A block trade is the sale or purchase of a large number of securities. A block trade involves a significantly large number of equities or bonds being traded at an arranged price between two parties. Block trades are sometimes done outside of the open markets to lessen the impact on the security price. In general, a block trade involves at least 10,000 shares of stock, not including penny stocks, or $200,000 worth of bonds. In practice, block trades are much larger than 10,000 shares.
Understanding Block Trades
Due to the size of block trades, both on the debt and equities markets, individual investors rarely, if ever, make block trades. In practice, these trades typically occur when significant hedge funds and institutional investors buy and sell large sums of bonds and shares in block trades via investment banks and other intermediaries.

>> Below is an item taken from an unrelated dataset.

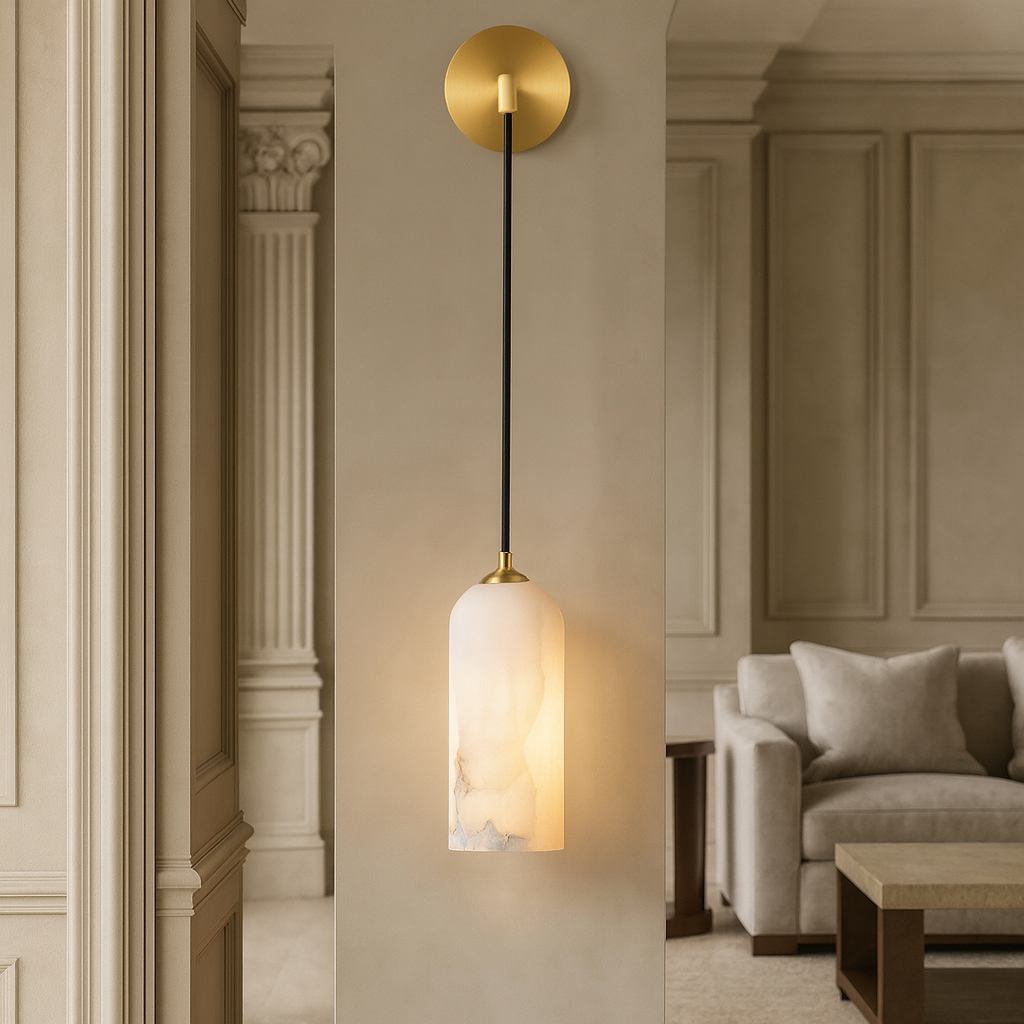 The Mirasol Marble Sconce by Morsale.com, featuring a gold fixture and frosted glass shade, casts a warm glow on a beige wall in an elegant living room with classic details and neutral furnishings.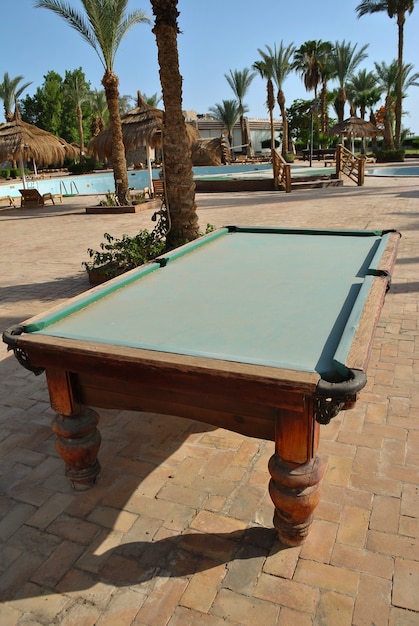 Ein alter Billardtisch steht in einem verlassenen Hotel in der Nähe des Pools und der Palme auf einem Fliesenboden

If a block trade is conducted on the open market, traders must be careful with the trade because it can cause large fluctuations in volume and can impact the market value of the shares or bonds being purchased. Therefore, block trades are usually conducted through an intermediary, rather than the hedge fund or investment bank purchasing the securities normally, as they would for smaller amounts.

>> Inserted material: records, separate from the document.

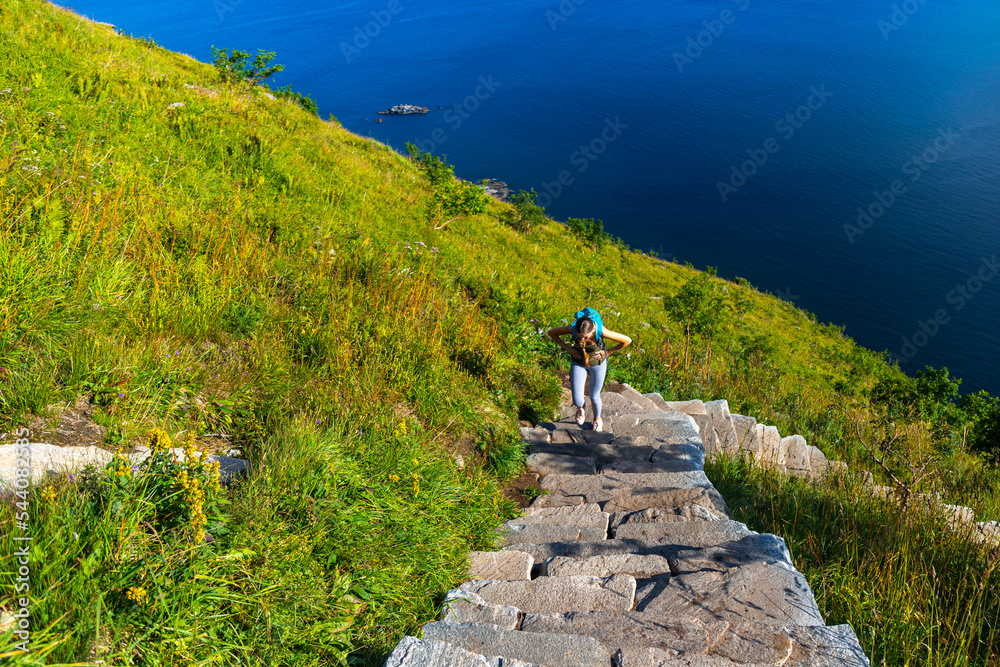 girl backpacker hiking up stairs to famous reinebringen peak in lofoten islands, norway; challenging stair climbing; hiking in lofoten islands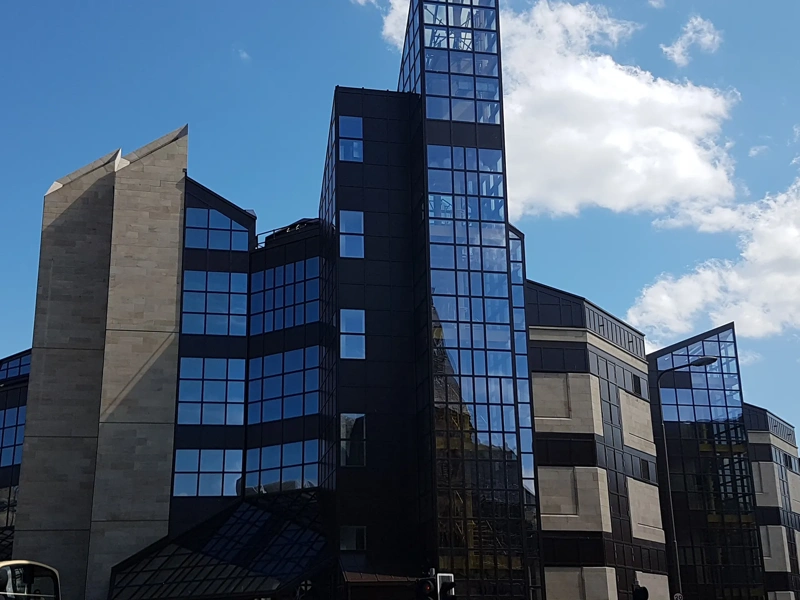 modern building with a distinctive architectural style. The building features a mix of concrete and dark glass facades, with several angular, geometric shapes and pointed rooflines. The structure appears to have multiple sections, including a central tower with a glass facade that reflects the sky and surrounding structures. The sky is clear with a few scattered clouds, providing a bright contrast to the dark glass of the building.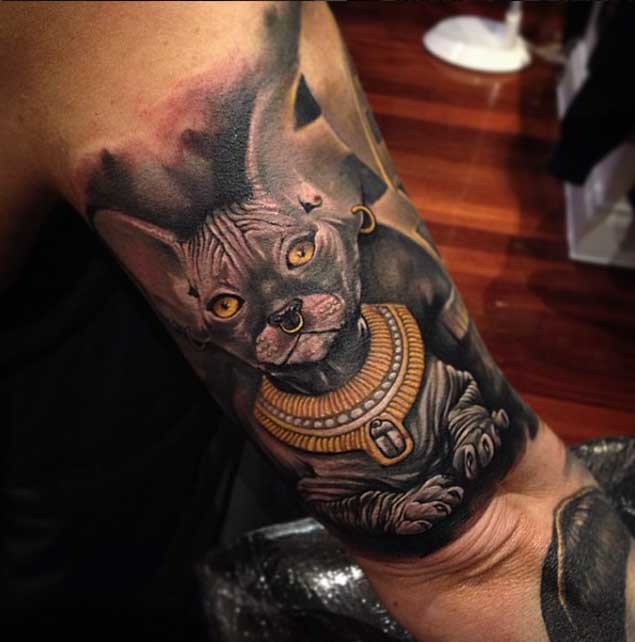 Tatuaje en el brazo, gato egipcio divino muy realista con collar precioso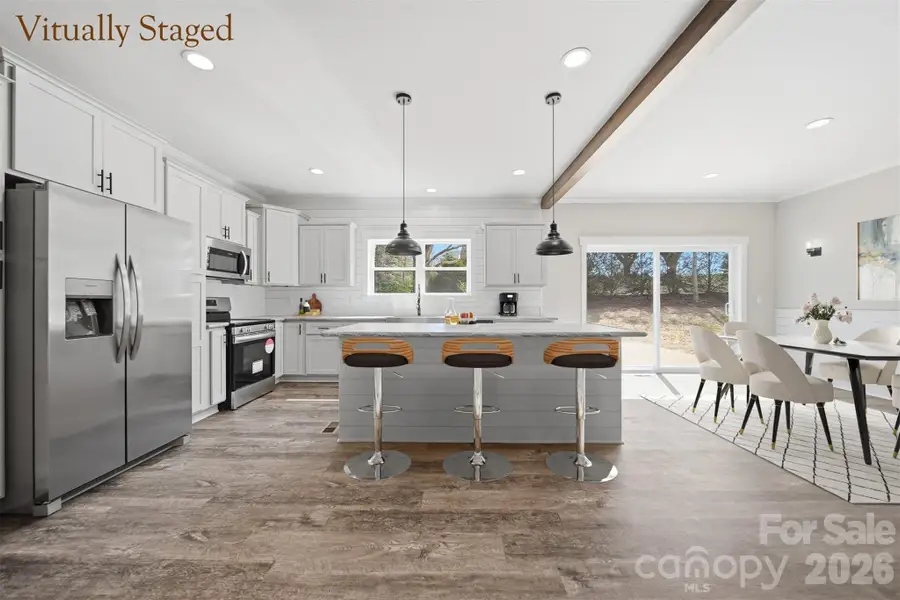 Furnished interior view inside a new home in , Lenoir (Image 9).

- Block trades are large trades made by institutional investors.
- These trades are generally broken up into smaller orders and executed through different brokers to mask the true size.
- Block trades can be made outside the open market through a private purchase agreement.
How Block Trades Are Made
Block trades are usually conducted through an intermediary known as a blockhouse. These firms specialize in large trades and know how to initiate such trades carefully, so as to not trigger a volatile rise or fall in the price of the security. Blockhouses keep traders on staff who are well versed in managing trades of this size. Staffers provide a block house with special relationships with other traders and other firms that allow the company to trade these large amounts more easily.
When a large institution decides to initiate a block trade, it will reach out to the staff of a blockhouse, trusting they will collectively help get the best deal. Once an order is placed, brokers at a blockhouse contact other brokers who specialize in the specific type of security being traded, and the expert securities traders fill the large order through several sellers. This often involves iceberg orders that mask the actual volume of stock being moved.
Example of a Block Trade
If, for example, a hedge fund wants to sell 100,000 shares of a small-cap company around the current market price of $10. This is a million dollar transaction on a company that may only be worth a few hundred million in total, so the sale would probably push down the price significantly if entered as a single market order. Moreover, the size of the order means that it would be executed at progressively worse prices as the market making took place. So the hedge fund would see slippage on the order and the other market participants might pile on short based on the price action, forcing the stock down further.
To avoid this, the hedge fund can contact a blockhouse for help. The staffers at the blockhouse break up the large trade into manageable chunks, For example, they might make 50 smaller blocks of 2,000 shares, at $10 a share. Each one of the blocks will be initiated with a separate broker, thus keeping market volatility low. Alternatively, a broker can step in and arrange a buyer willing to take all 100,000 shares through a purchase agreement arranged outside the open market. This is usually another institutional investor, of course, due to the large amount of capital involved.